I have no idea why I started to think about it – maybe it was the hearse that I passed on the way to school; but I was thinking about him before that.  I can’t stop thinking about my Dad this morning and all it’s doing is making me sad and making me want to curl up in bed with some snacks, some movies, and pretend that the world doesn’t exist.  But instead, I’m at my desk trying to focus on something other than the night my Dad died.

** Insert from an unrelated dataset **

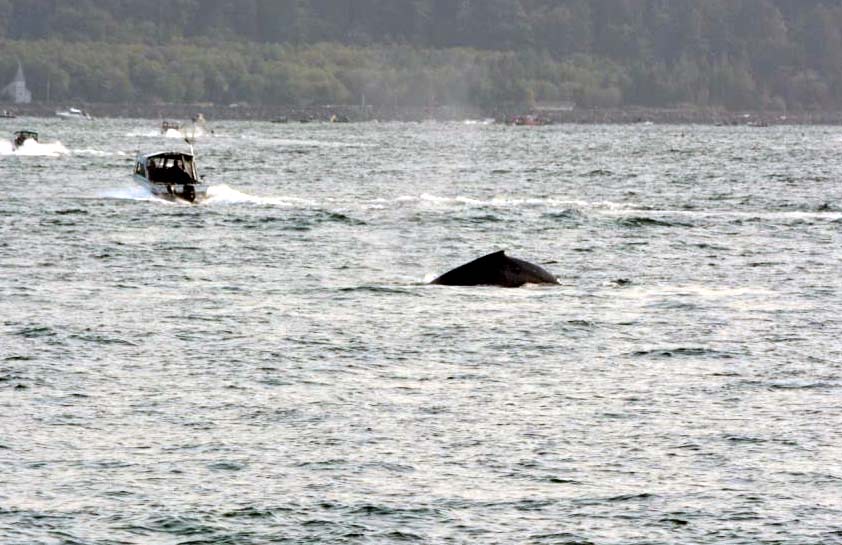 Get Ready: Feeding Frenzies and Humpbacks May Be Headed for Oregon / Washington Coast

I keep thinking – no, rehashing – what happened that night in my head.  The phone call, how it felt to hear that the doctor wanted to talk to me and later fumbling with my pants and shoes and running out the door to try to get to him before it was too late.  Hearing the nurses say they lost his pulse, watching them do CPR on him – something no one should have to watch because that was way more traumatic then it appears to be on TV.  And telling them to stop.  Standing in the hallway outside of his room, telling my best friend that he was gone and hearing the silence, and then shock in his voice because he really didn’t think that was why I was calling him and no one expected my Dad to die.  And then seeing my Dad at the funeral home, in the casket and feeling like it just didn’t look like him – until I took a few steps back and saw his profile and sat in a chair, just looking at him and trying to be more aware of the fact that he was gone.  And now, feeling that he’s just gone.  He’s not here; as much as I want him to be and as much I try not to think about it, I don’t feel like he’s with us.  Maybe it’s too soon for him to be, or maybe he’s just too busy with everyone else that he’s now reunited with.  But he’s not here.  He was the good parent, the parent that I trusted and could rely on and now that he’s gone, it just feels……..empty.  I don’t feel empty, neither does my life; but something just does.  There’s this part of me that will never be the same; I was who I was before because of him (and my Mom, too) and now I’m someone else because they are both gone. I know that he didn’t want to be here anymore.  He was so tired and probably hated being alone – with my Mom and his best friend gone, he had no one left I guess.  And I understand that, at least as best as I can even on a day like today when I would give just about anything to hear his voice again. 

And as I sit here at my desk, in my office, at a job that I hoped made him proud, I fight back the tears as I remember sitting in his chair with him watching tv when I was a little kid.  A little kid who would cram themselves onto his lap to cuddle for even a little while; eventually I got too big and I got kicked off of that lap. But then I sat next to him and often leaned my head on his lap.  He was always my favorite and now, he’s just gone.  For whatever the reason, today is one of those days that I would give anything to see his smile again and to hear his voice and to sit in that chair with him again.  That old, ratty black leather chair that squeaked when it reclined and that we shared many nights watching whatever it was that he watched at that time; I remember him sitting there while I watched the Muppet Show on summer nights before bedtime, but I am pretty sure he didn’t watch that willingly. 

Today I am 40-something year old orphan, crying in her office, who really really misses her Dad.